Meloclassic's grand unearthing of radio treasures continues with four concertos played by pianists who have fallen into neglect. I had heard recordings by Hesse-Bukowksa and Smendzianka and it is to Hesse-Bukowska that I owe my discovery, many years ago, of Ludomir Rozycki's beautiful Ballade for piano and orchestra. Sztompka and Filar were just names in a dictionary for me prior to this release.

The earliest pianist here is Henryk Sztompka born on 1 April, 1901 in Bogusławka, part of Poland up to the end of WWII. His main teacher was Chopin specialist Józef Turczyński (1884-1953) at the Warsaw Conservatory where his orchestral debut was in Rachmaninov's C minor Concerto, still a relatively new work, under an orchestra conducted by composer-pianist Henryk Melcer-Szczawiński. After graduating in 1926 he entered the inaugural International Chopin Competition where he won the Polish Radio prize for the best interpretation of a Chopin Mazurka – he went on to record the complete Mazurkas for Eterna in the late 1950s – but he lost out on the top three spots to Lev Oborin, Stanisław Szpinalski and Róża Etkin-Moszkowska. He moved to Paris after the competition starting to build up a concert career but perhaps most importantly was introduced to the illustrious Ignacy Jan Paderewski who invited him to be part of a select group of pianists to benefit from tuition at his villa in Switzerland. Being a pupil of Paderewski could only bolster his career and he appeared with great success throughout Europe in a repertoire that was heavy on Chopin but which also took in Beethoven, Schumann, Liszt and even Paderewski's Polish Fantasy, a terrific piece that has become something of a rarity. Before WWII he taught at the Conservatory in Toruń and spent the war years in Warsaw. He recommenced his concert career after the war as well as taking a post at the State Higher School of Music in Kraków where he became dean of the piano department in 1957. He died in Kraków in 1963.
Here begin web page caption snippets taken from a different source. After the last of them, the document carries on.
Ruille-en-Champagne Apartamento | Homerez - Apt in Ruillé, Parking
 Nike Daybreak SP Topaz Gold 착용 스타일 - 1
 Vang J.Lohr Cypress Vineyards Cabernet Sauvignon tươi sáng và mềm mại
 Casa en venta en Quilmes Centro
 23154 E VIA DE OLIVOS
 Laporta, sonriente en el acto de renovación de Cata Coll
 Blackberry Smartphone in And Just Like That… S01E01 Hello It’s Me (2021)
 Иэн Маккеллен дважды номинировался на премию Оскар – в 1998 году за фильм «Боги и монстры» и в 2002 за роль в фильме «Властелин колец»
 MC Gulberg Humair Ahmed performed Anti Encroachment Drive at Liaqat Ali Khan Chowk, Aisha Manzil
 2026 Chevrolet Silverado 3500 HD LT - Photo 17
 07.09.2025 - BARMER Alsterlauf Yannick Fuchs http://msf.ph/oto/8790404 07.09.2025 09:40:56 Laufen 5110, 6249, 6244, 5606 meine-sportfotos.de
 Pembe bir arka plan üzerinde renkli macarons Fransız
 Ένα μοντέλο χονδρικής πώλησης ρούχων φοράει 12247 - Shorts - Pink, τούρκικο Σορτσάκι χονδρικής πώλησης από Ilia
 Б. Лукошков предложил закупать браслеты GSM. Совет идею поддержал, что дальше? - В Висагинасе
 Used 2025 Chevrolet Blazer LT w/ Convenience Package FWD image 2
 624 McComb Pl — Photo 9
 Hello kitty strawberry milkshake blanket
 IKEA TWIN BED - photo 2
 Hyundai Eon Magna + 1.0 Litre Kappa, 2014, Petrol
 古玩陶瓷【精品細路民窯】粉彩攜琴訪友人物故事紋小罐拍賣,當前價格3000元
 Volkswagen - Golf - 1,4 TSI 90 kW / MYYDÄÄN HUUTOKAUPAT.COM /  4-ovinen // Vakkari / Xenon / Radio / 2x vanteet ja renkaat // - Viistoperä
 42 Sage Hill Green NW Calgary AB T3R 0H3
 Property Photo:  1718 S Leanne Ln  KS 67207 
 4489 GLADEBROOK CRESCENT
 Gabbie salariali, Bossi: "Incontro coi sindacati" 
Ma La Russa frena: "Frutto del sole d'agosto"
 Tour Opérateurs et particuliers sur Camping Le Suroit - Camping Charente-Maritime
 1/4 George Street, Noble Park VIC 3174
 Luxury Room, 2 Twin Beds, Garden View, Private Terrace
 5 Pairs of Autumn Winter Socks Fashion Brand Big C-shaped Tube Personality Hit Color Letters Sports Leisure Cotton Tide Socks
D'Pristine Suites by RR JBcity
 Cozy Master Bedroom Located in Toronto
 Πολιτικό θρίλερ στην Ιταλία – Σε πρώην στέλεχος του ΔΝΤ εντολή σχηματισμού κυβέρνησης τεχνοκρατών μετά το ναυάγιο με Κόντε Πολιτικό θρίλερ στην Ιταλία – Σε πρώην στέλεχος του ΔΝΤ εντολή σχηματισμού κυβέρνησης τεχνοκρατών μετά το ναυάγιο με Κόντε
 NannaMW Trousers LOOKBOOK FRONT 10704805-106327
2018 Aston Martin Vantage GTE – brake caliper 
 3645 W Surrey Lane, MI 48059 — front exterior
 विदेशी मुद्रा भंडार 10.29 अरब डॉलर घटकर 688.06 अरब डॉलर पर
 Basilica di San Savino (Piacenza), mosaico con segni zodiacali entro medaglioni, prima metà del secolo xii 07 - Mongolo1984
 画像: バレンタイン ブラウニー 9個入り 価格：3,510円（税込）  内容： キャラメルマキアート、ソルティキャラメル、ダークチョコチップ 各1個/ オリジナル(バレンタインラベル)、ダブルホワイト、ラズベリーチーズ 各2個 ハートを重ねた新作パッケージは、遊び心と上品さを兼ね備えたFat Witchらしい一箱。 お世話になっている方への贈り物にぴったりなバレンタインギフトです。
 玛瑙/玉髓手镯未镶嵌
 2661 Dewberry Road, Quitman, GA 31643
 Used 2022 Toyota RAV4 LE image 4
He plays the F minor Concerto of Chopin beautifully. I was a little surprised at the rubato in the slower sections, sometimes holding back just a little before he moves to the next bar, especially in the second theme, A flat section where pianist and bassoonist have a rather indulgent duet. Once the intermediate figurations begin however the tempo is lifted so the movement is certainly not starved of vitality. None of the faster sections are treated flamboyantly; Sztompka seems to prefer restraint and clarity while remaining admirably fluent. The Larghetto is the highlight for me; I find myself entranced by his singing tone in even the most pianissimo phrases, his subtle pedalling and the delicacy of his filigree. He aims for character in the middle section rather than high drama. The finale is full of zest and life, Sztompka amply demonstrating that not only has he fingers but can also deliver swift passagework even at a low dynamic. He is ably supported by Abendroth and his Leipzig players though as was often the case at the time much of the music in the opening and closing orchestral tuttis is dramatically cut. This is also the case in the other Chopin Concerto, the first in E minor where Abendroth conducts the radio orchestra in Berlin. The pianist here is Barbara Hesse-Bukowska who was born in Łódź in February 1930 to a musical family; her father played violin with the Warsaw Radio orchestra and her mother was a pianist. After lessons with her mother she studied with Maria Glińska-Wąsowska at the Warsaw Conservatory as well as with Margerita Trombini-Kazuro who was her tutor during the German occupation in World War 2. Her debut, under the auspices of the charitable organisation Rada Główna Opiekuńcza took place in 1942 but it was after the war that she came to international notice with a second place prize in the fourth International Chopin Competition in 1949. Though she was only placed fifth in the Long-Thibaud competition in 1953 she was awarded the Prix Chopin and she had a long and successful career after that, maintaining an extensive touring schedule alongside teaching and appearances on many jury panels.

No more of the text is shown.